Levanto la vista, me deleito con el anómalo azul. ¿Para qué ir a un parque donde no se juega? ¿Para qué vivir una vida en la cual no hay vida? Nunca lo había pensado. Ahora lo miro a él, un niño, y las preguntas salen inexplicables de mis labios. Mis amigos me ignoran, no escuchan. Excepto uno:

—Buena reflexión —dice.

Treinta y siete segundos después me llega un mensaje. «Lo publicare. Esta genial, espero no te importe.» Lo observo con desconcierto. Esta aquí, a mi lado, como todos mis amigos. Su cabeza inclinada revisando su aparato electrónico. En una red social lo mas seguro. Sus rasgos me sorprenden, ¿hace cuanto que no lo miraba, con tanta dedicación, en vez de a sus fotos editadas? 
Eso no importa mucho, por que él me sigue mirando.  El niño. 
Me sonríe. Su sonrisa es de alegría. Esta lejos, al lado opuesto del parque, cercas de los juegos donde nadie juega. Un anciano a su izquierda le grita algo. El desplaza su mirada de mí, al anciano. Hablan. El anciano ríe. Su sonrisa sin algunos dientes me es lejana y desconocida. 

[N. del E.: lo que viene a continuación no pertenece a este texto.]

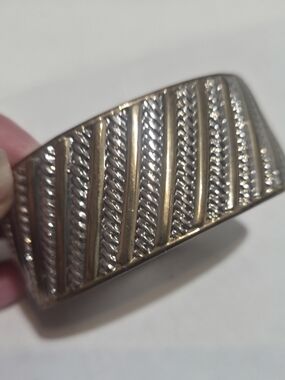 Two-Tone Metal Hinged Chunky Cuff Bracelet - Gold & Silver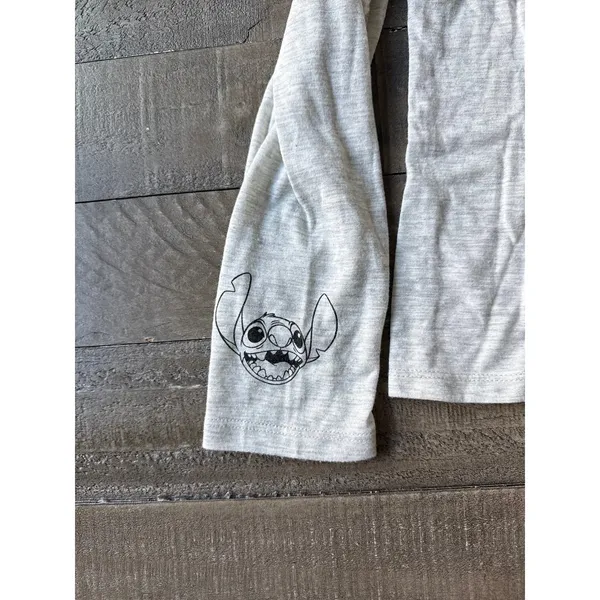 Disney Women's‎ "Ohana Means Family" Gary peek a boo shoulder tee size Large - Image 6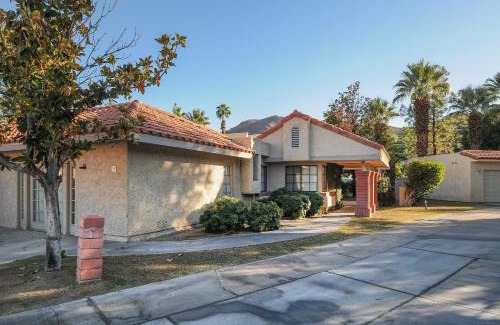 Palm Springs Apartment | Tranquil Oasis - Permit #69036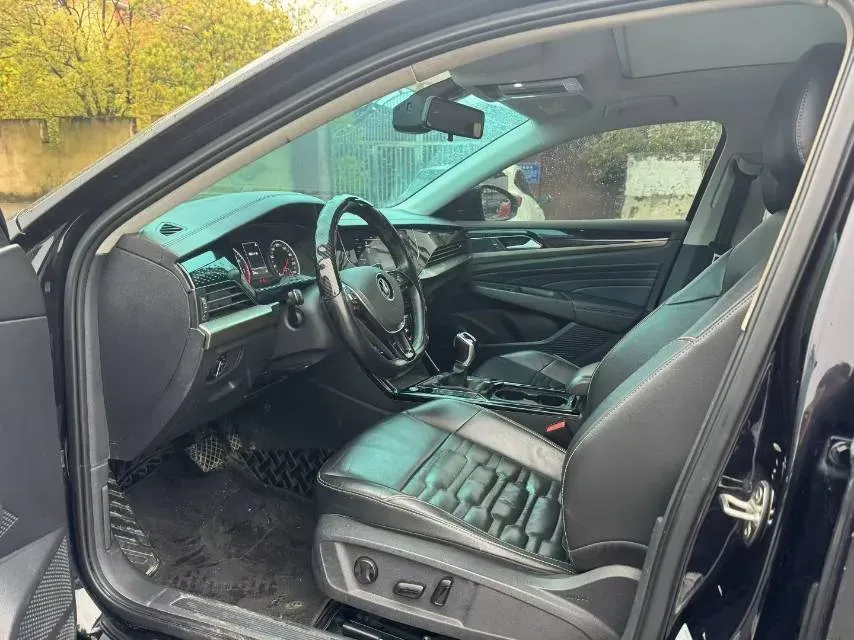 2021 Volkswagen Passat 2.0T 186HP L4 7DCT,autocango,china used car exporter,china ev exporter,chinese used car exporter,chinese used ev exporter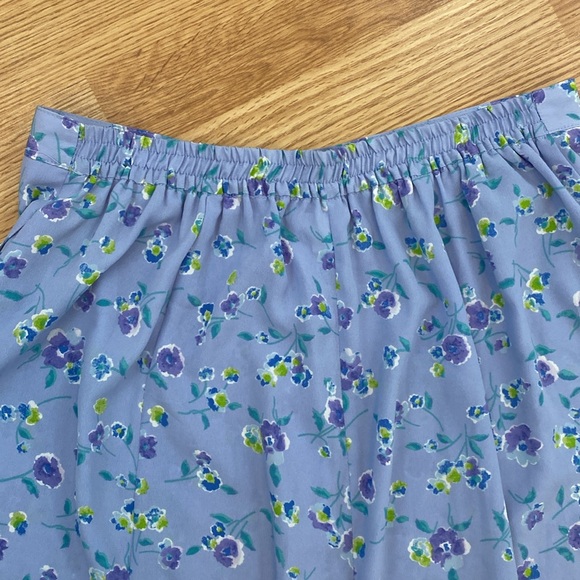 Size 14/16 Lavender Floral Button Up Maxi Skirt - Picture 8 of 12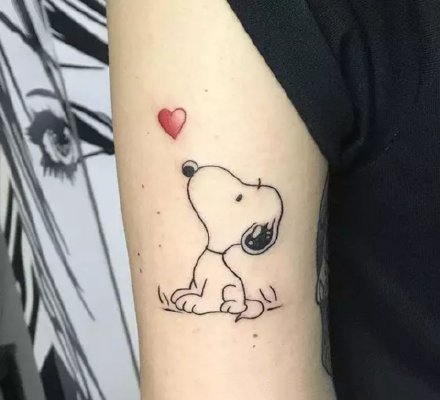 可爱的9款卡通史努比纹身图案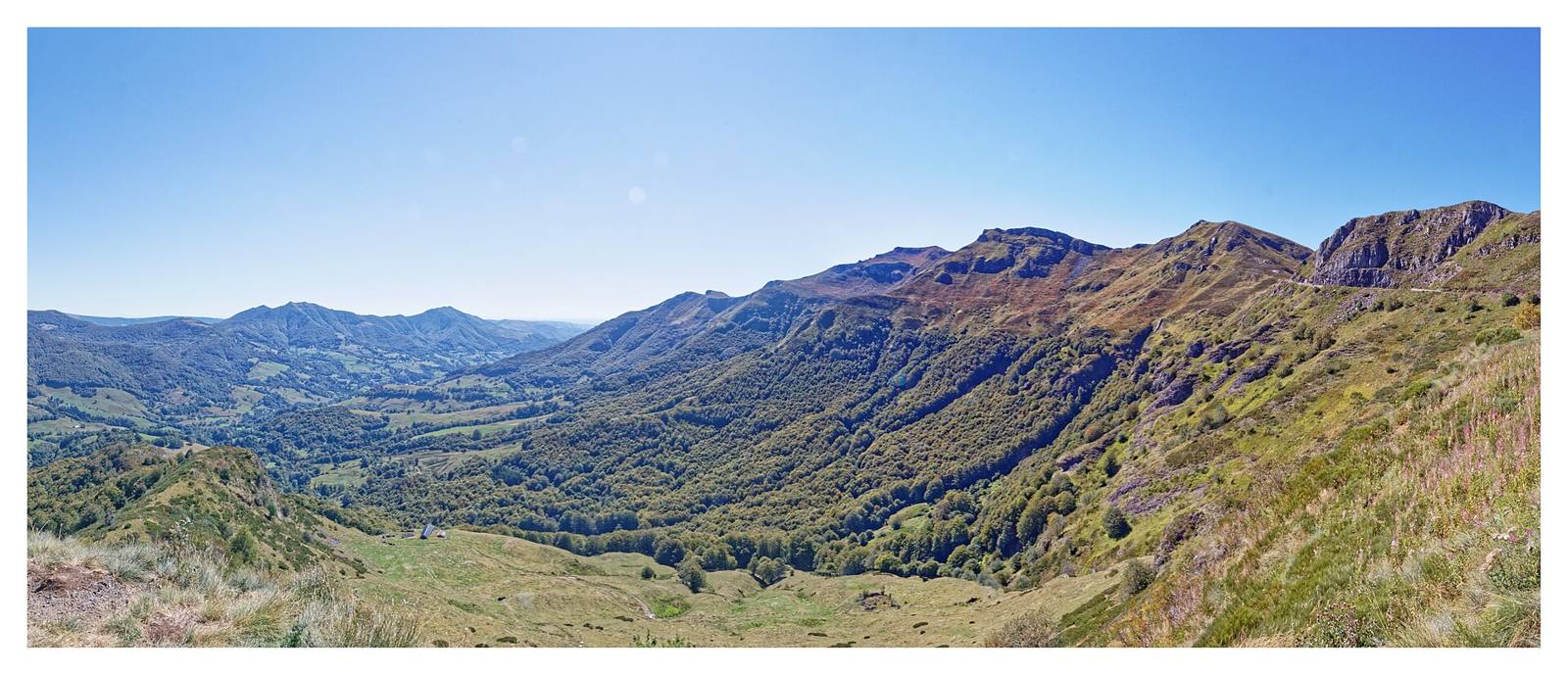 Panorama depuis le bas du Pas de Peyrol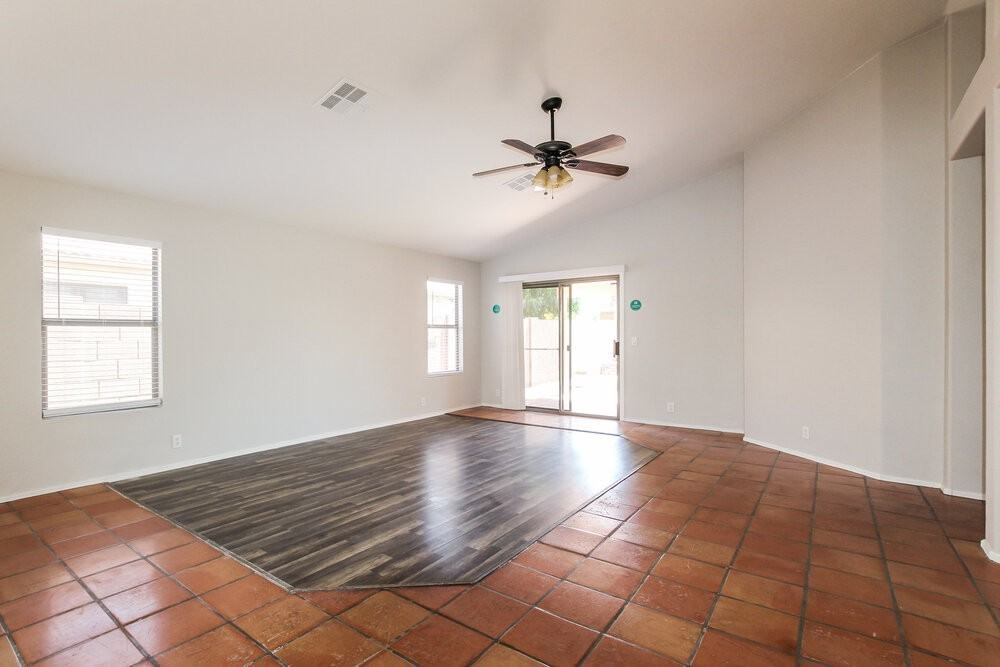 8631 W Fargo Dr - Photo 4 of 16
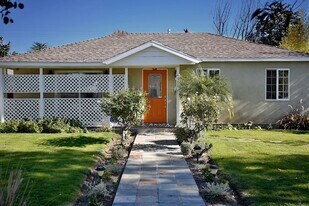 4908 Denny Ave in Los Angeles, CA - Building Photo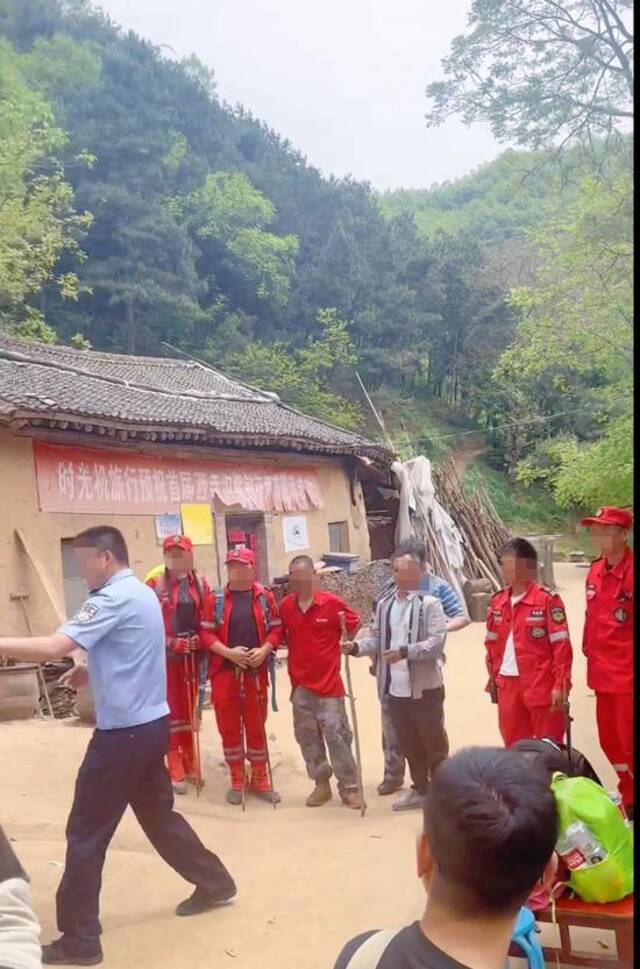 网传视频显示，当地组织力量展开救援。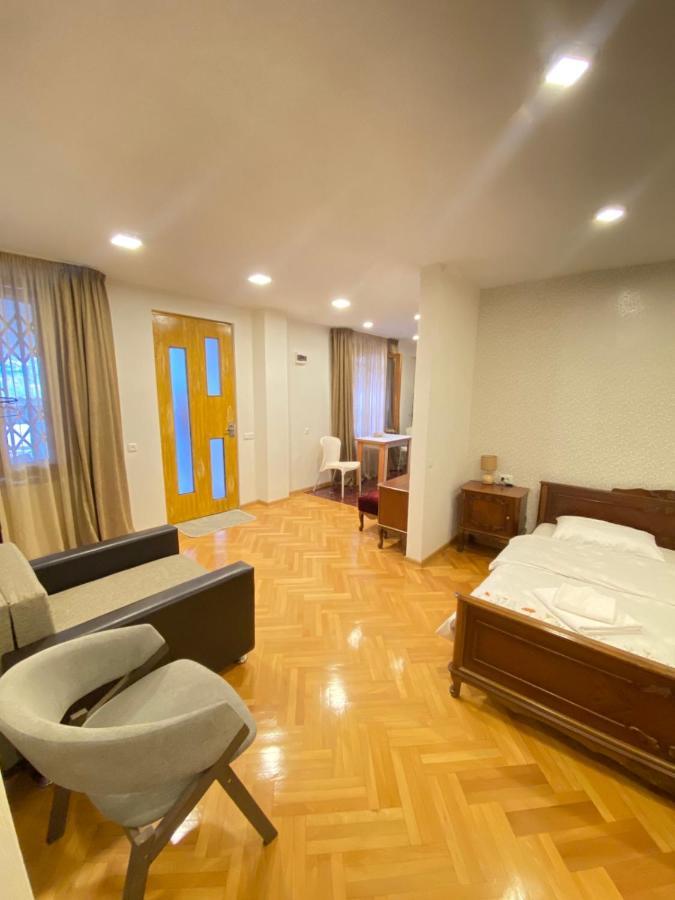 K&N Guesthouse Tbilisi Eksteriør bilde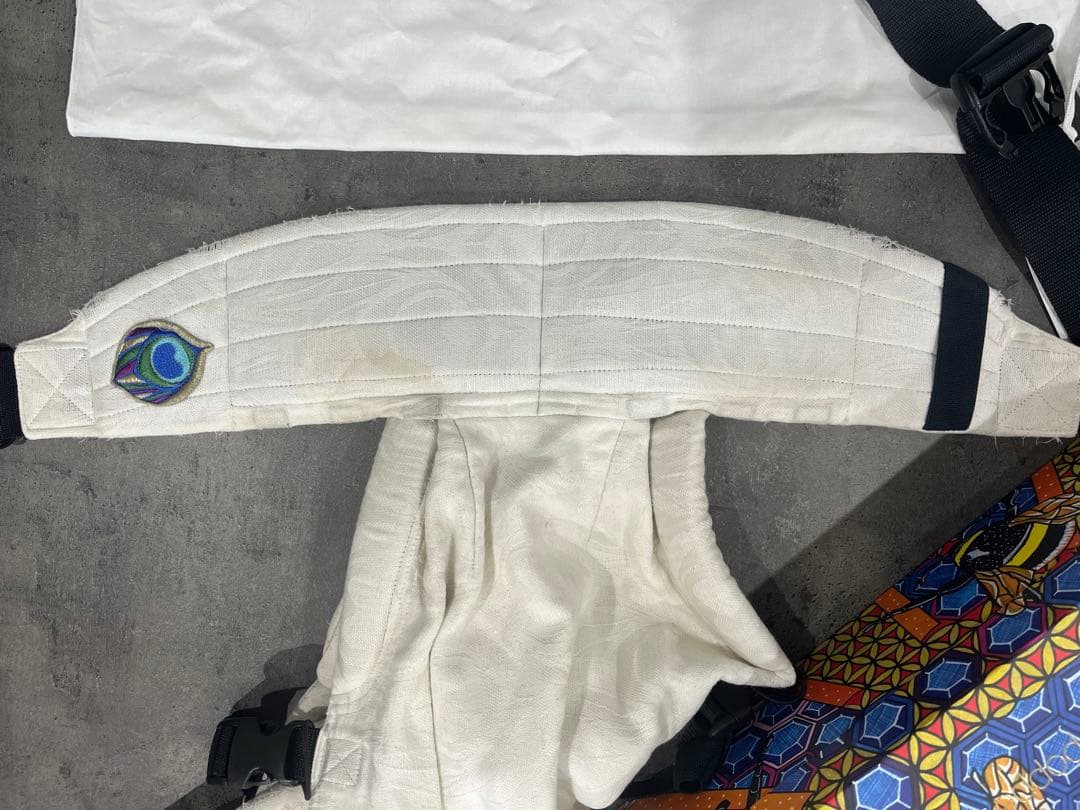 最終値下げ⭐︎アーティポッペ　抱っこ紐　artipoppe ベビー用品　出産準備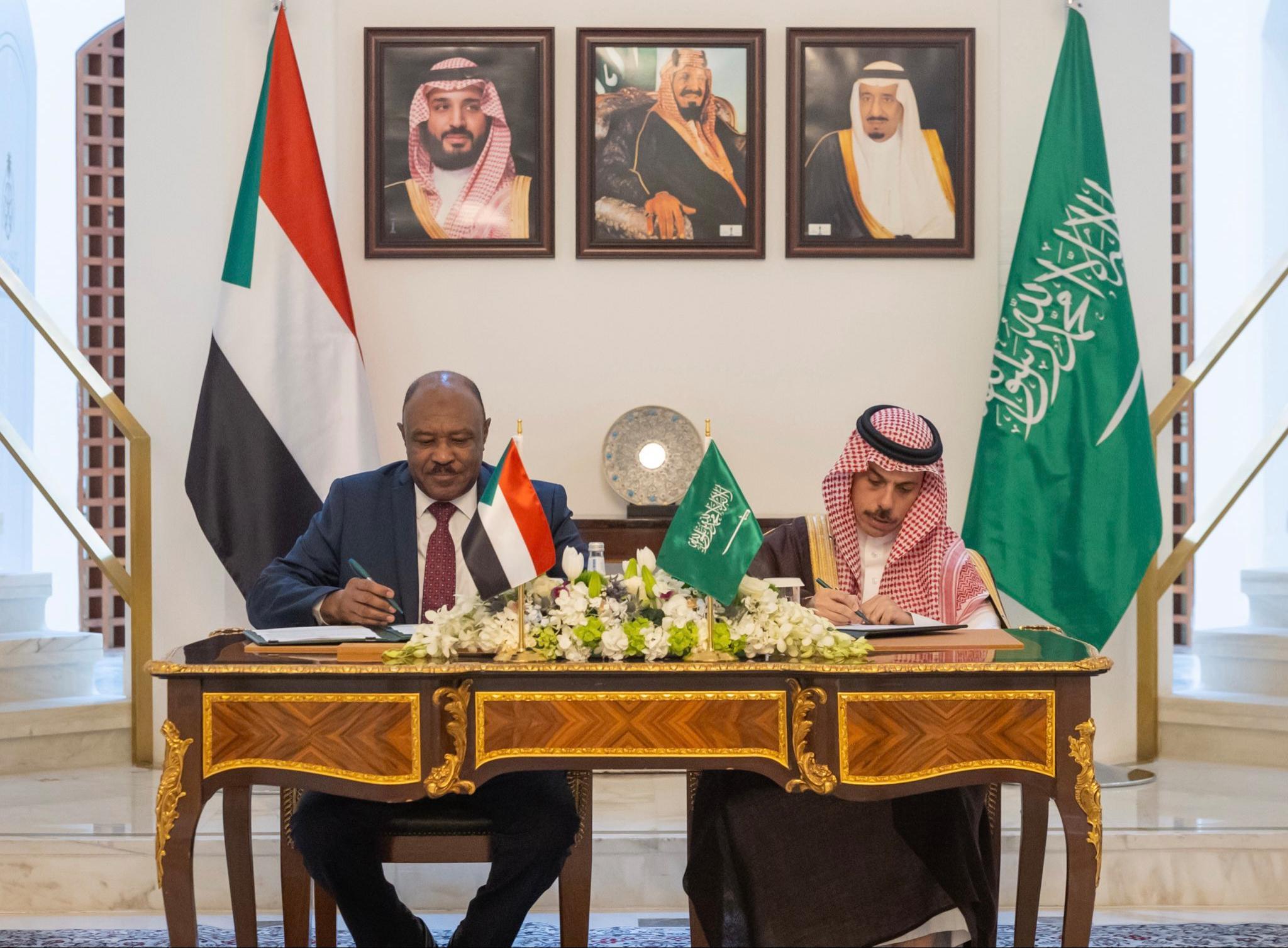 من الرياض.. السعودية والسودان توقعان وثيقة إنشاء مجلس التنسيق المشترك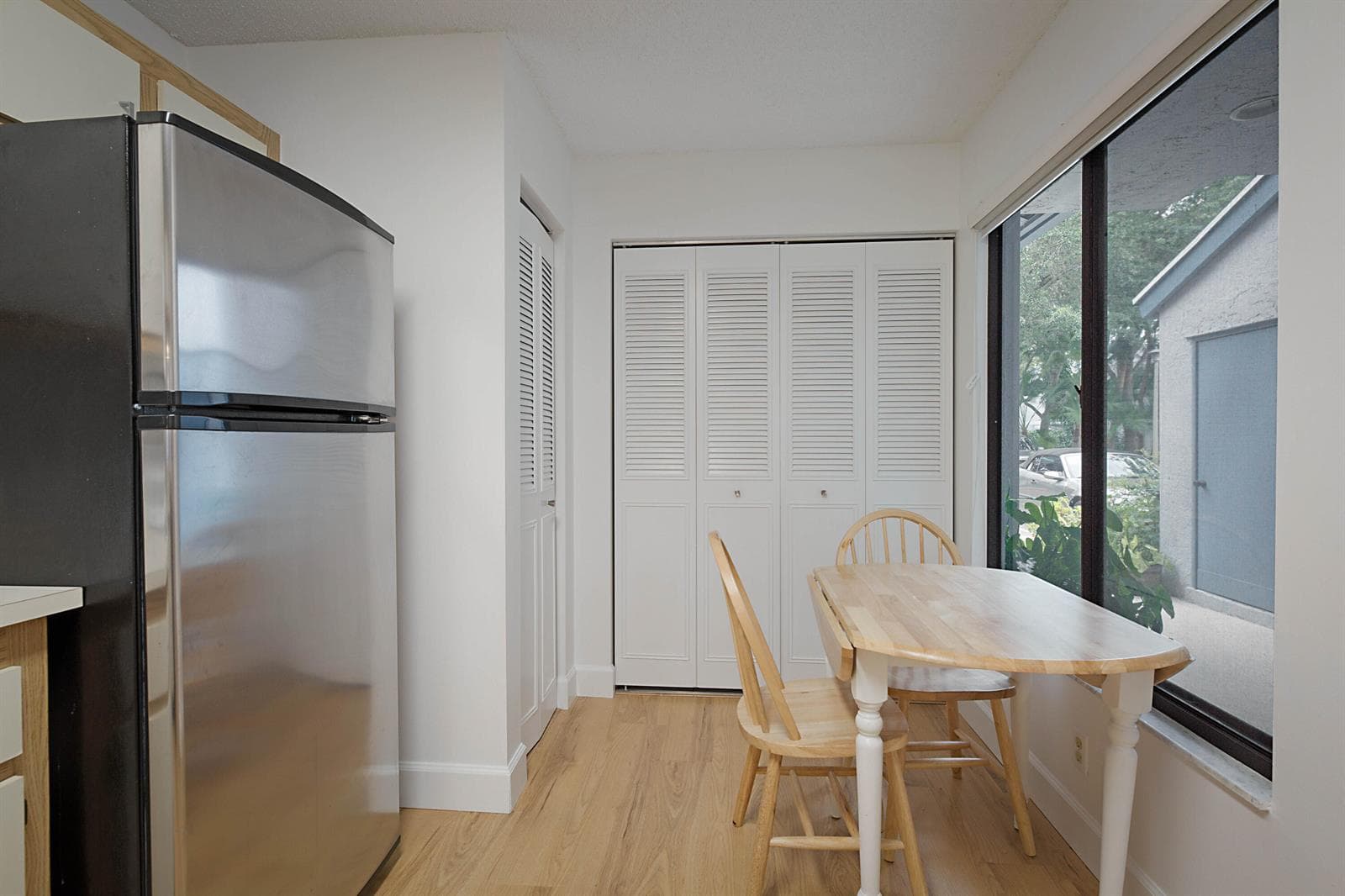 903 Harbour Pointe Way photo 4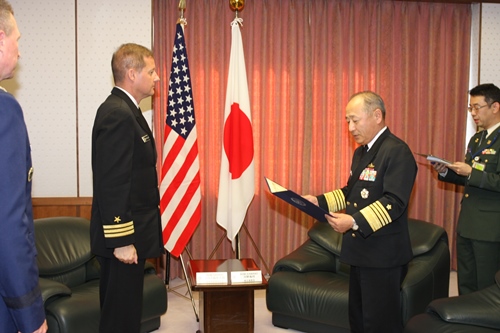 米太平洋軍Ｊ５日本担当官アンドリュー・Ｈ・コリアー海軍中佐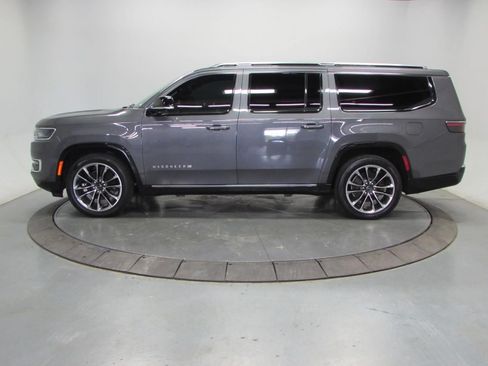 Used 2023 Jeep Wagoneer L Series III w/ Premium Group I AWD/4WD image 4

El joven levanta un objeto del suelo y se monta en el. ¿Será un triciclo? No, es una…una… ¡una bicicleta!  Se acerca a mí en ella. ¿Como puede mantener el equilibrio en eso? Mi padre me dijo que sabía andar en bicicleta. 
Veo un letrero colgando de su pecho. Alcanzo a leer a duras penas:
Hola. Somos sobrevivientes. Si quieres platicar con alguien, aprender a jugar ajedrez, reírte hasta que te duela el estomago, caminar por el bosque, ver el atardecer o las estrellas, nadar o simplemente tener sentir contacto con un ser humano. Estamos aquí. Nosotros te podemos ayudar. Atte. El abuelo y yo.